### TASK STATEMENT:
Would you transcribe the listing exactly as it stands, minus any images?

### DATA TO PROCESS:
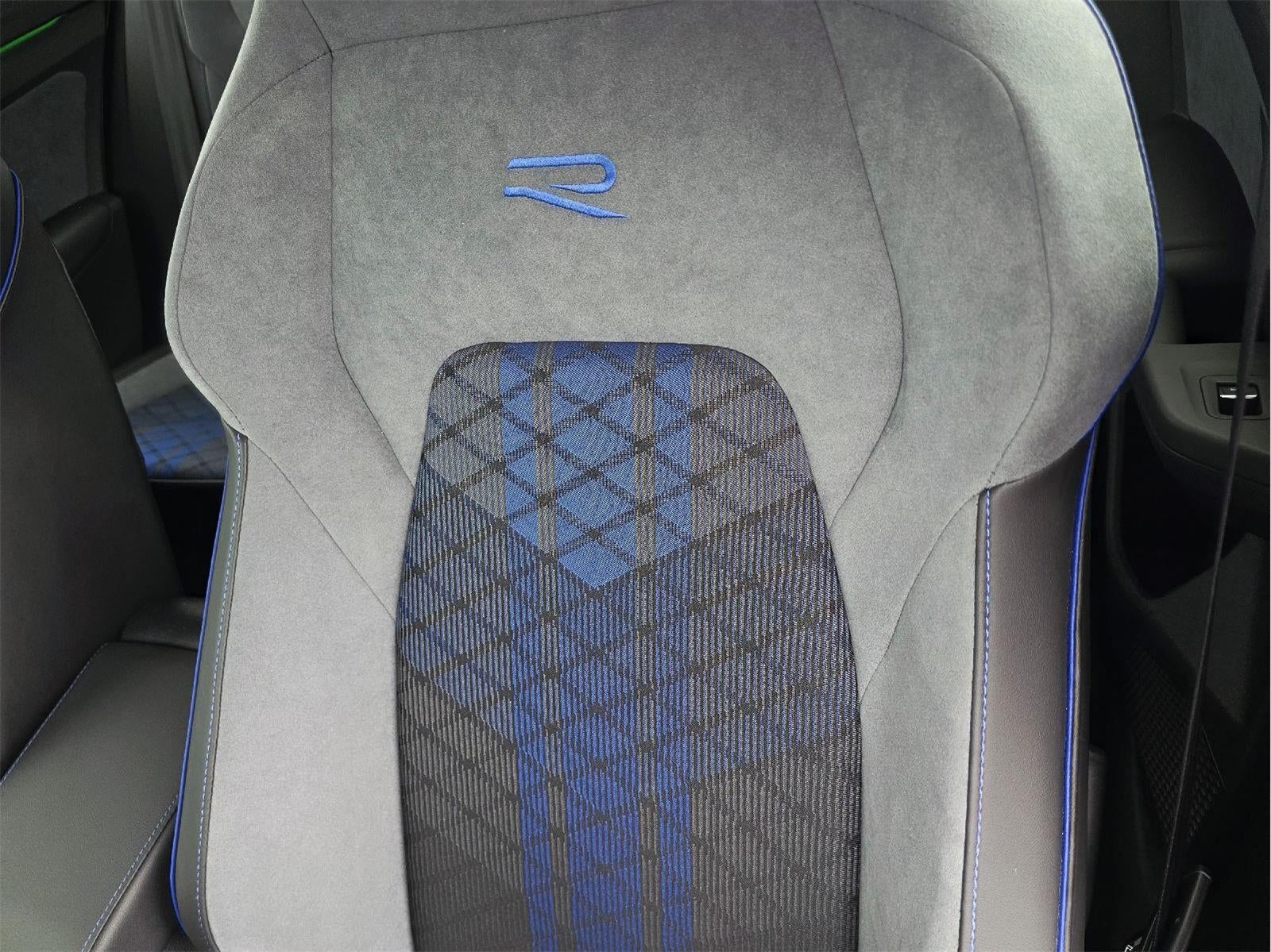 2026 Volkswagen Golf R Base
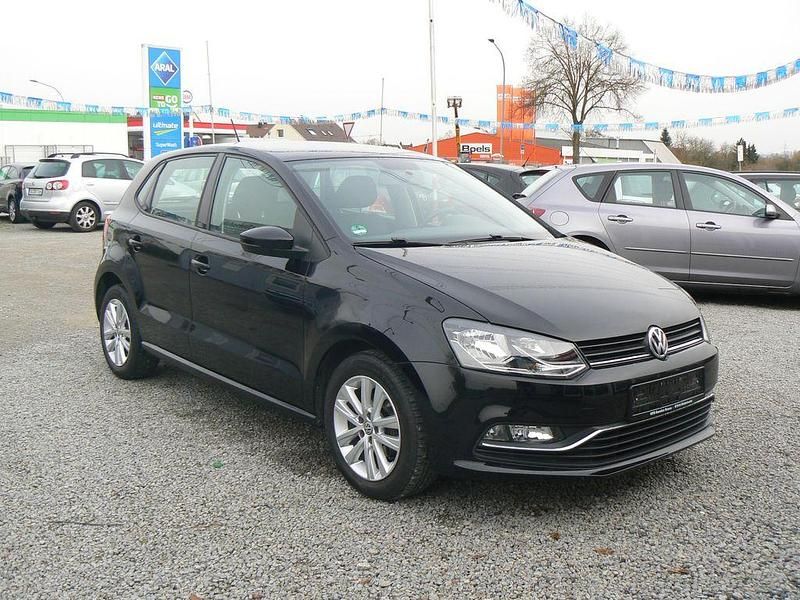 Schwarz Gebraucht 2017 VW Polo Comfortline Limousine | 7.990 € (Guter Preis) - Bild 1/4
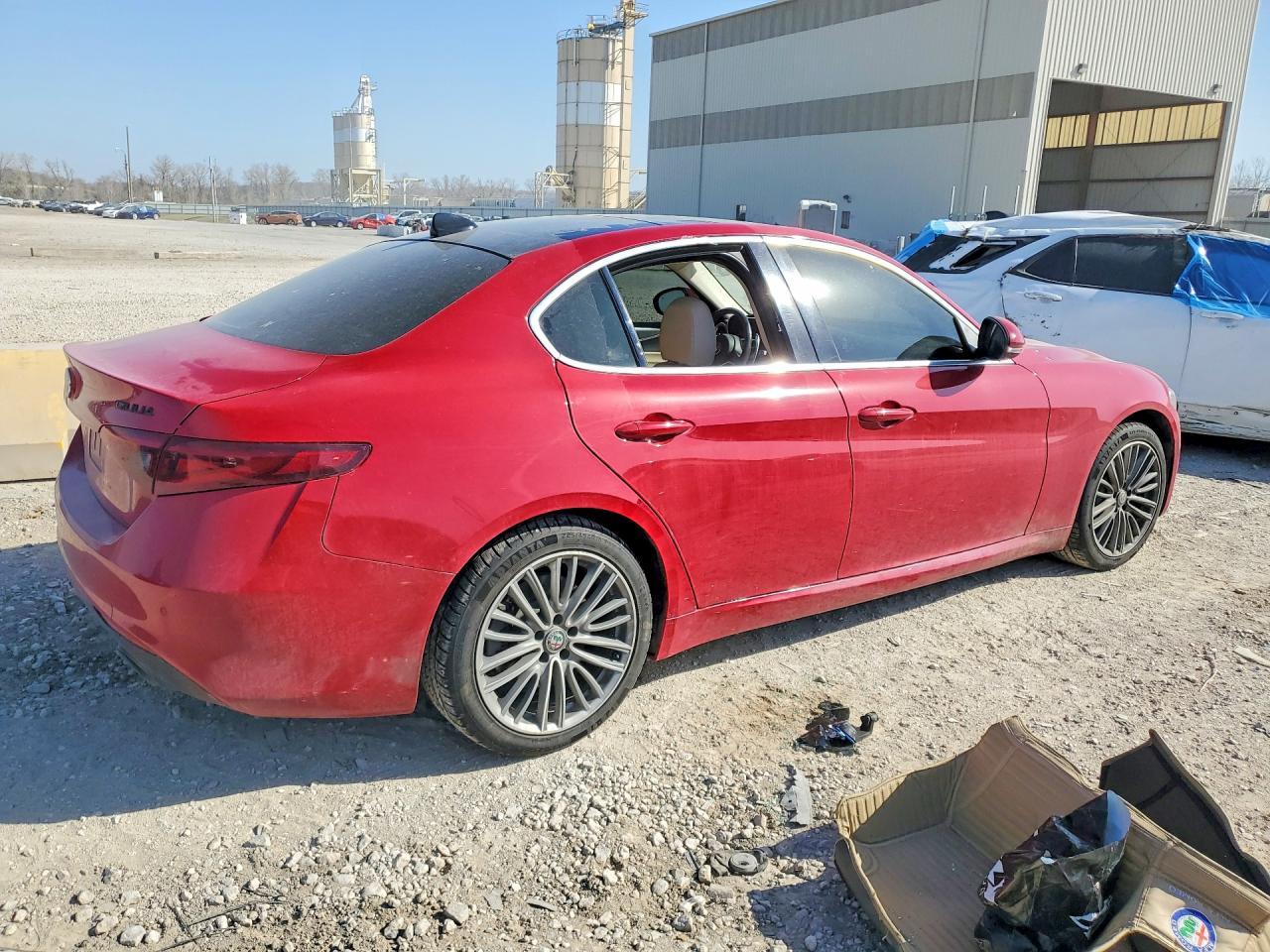 2017 Alfa Romeo Giulia Ti Q4 - Фото 3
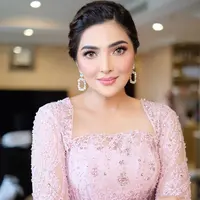 Di acara siraman Aaliyah dan Thariq, Ashanty mengenakan kebaya brokat pink dengan middle square neck dipadukan bawahan kain batiknya dari @deafebrindagallery. [@ashanty_ash].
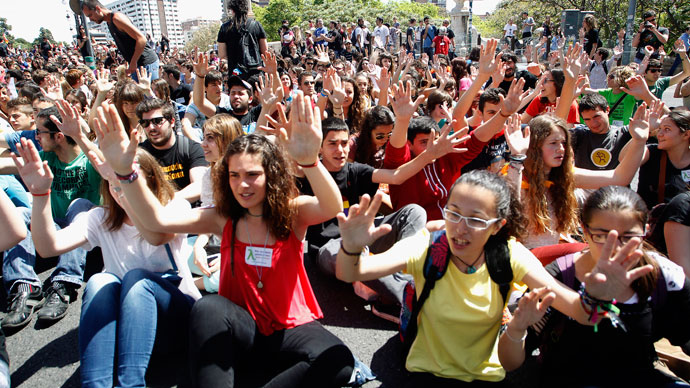 Students block a bridge in protest against the government's cost-cutting reform plans in education as part of austerity measures, during a nationwide general strike called by the education sector in Valencia May 9, 2013.(Reuters / Heino Kalis)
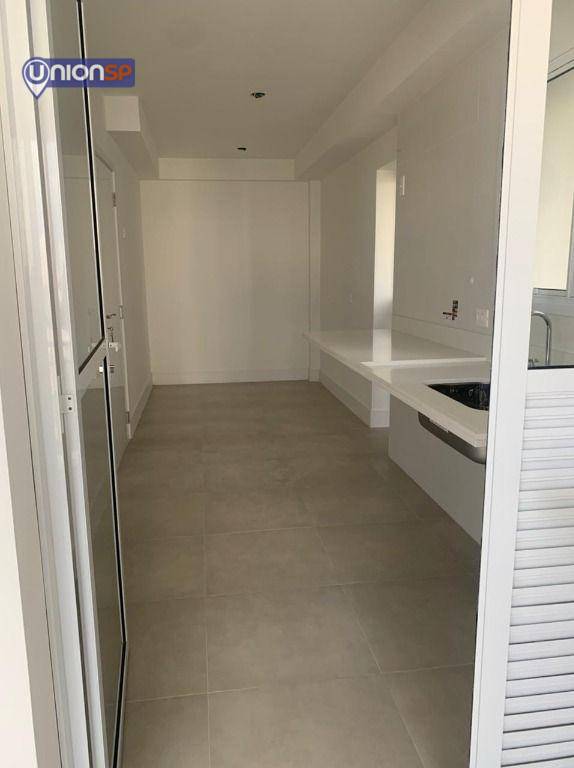 Apartamento à venda com 3 quartos, 128m² - Foto 28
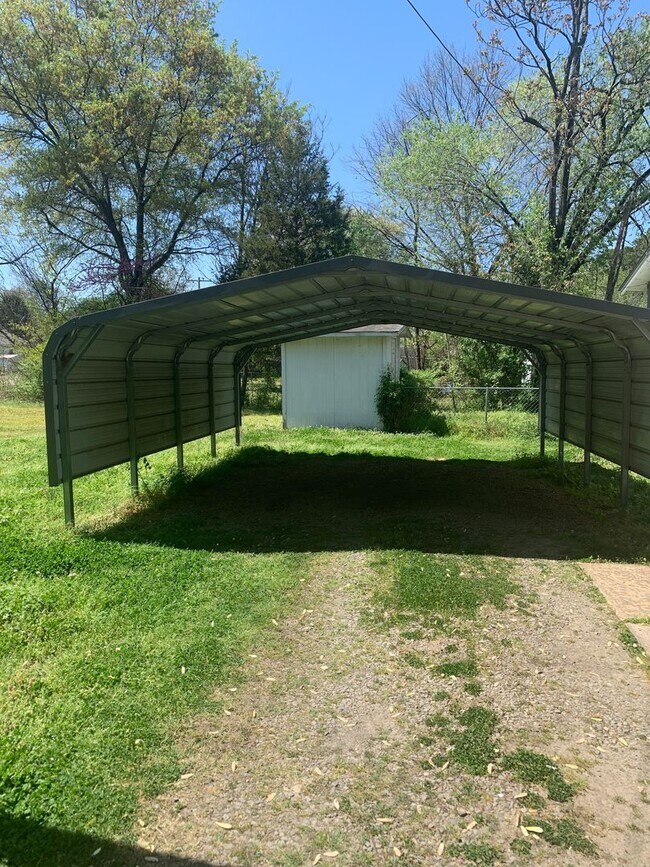 Foto del edificio - $1,200 Move in special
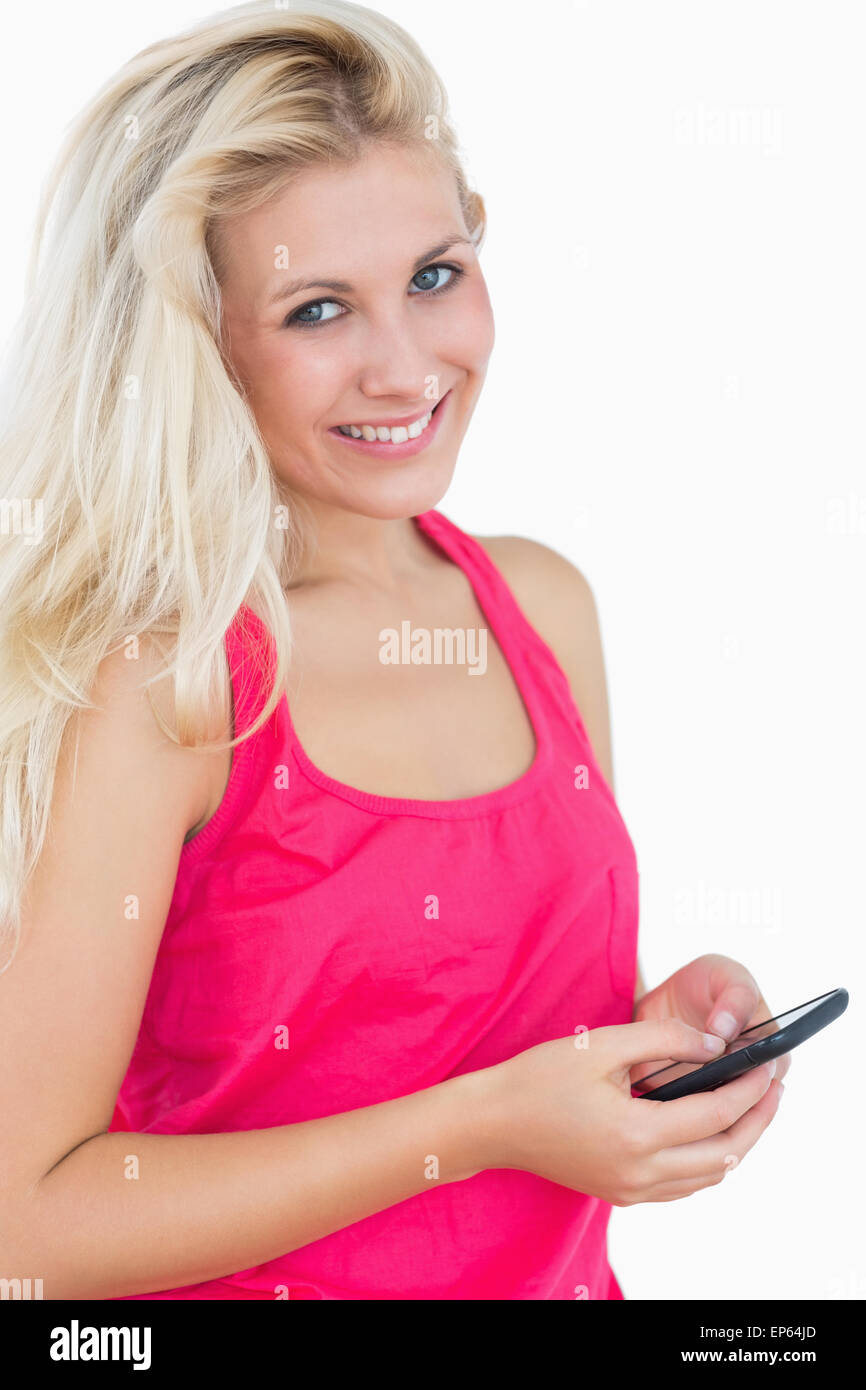 Portrait of happy casual young woman using smartphone Banque D'Images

### ANSWER:
 2026 Volkswagen Golf R Base
 Schwarz Gebraucht 2017 VW Polo Comfortline Limousine | 7.990 € (Guter Preis) - Bild 1/4
 2017 Alfa Romeo Giulia Ti Q4 - Фото 3
 Di acara siraman Aaliyah dan Thariq, Ashanty mengenakan kebaya brokat pink dengan middle square neck dipadukan bawahan kain batiknya dari @deafebrindagallery. [@ashanty_ash].
 Students block a bridge in protest against the government's cost-cutting reform plans in education as part of austerity measures, during a nationwide general strike called by the education sector in Valencia May 9, 2013.(Reuters / Heino Kalis)
 Apartamento à venda com 3 quartos, 128m² - Foto 28
 Foto del edificio - $1,200 Move in special
 Portrait of happy casual young woman using smartphone Banque D'Images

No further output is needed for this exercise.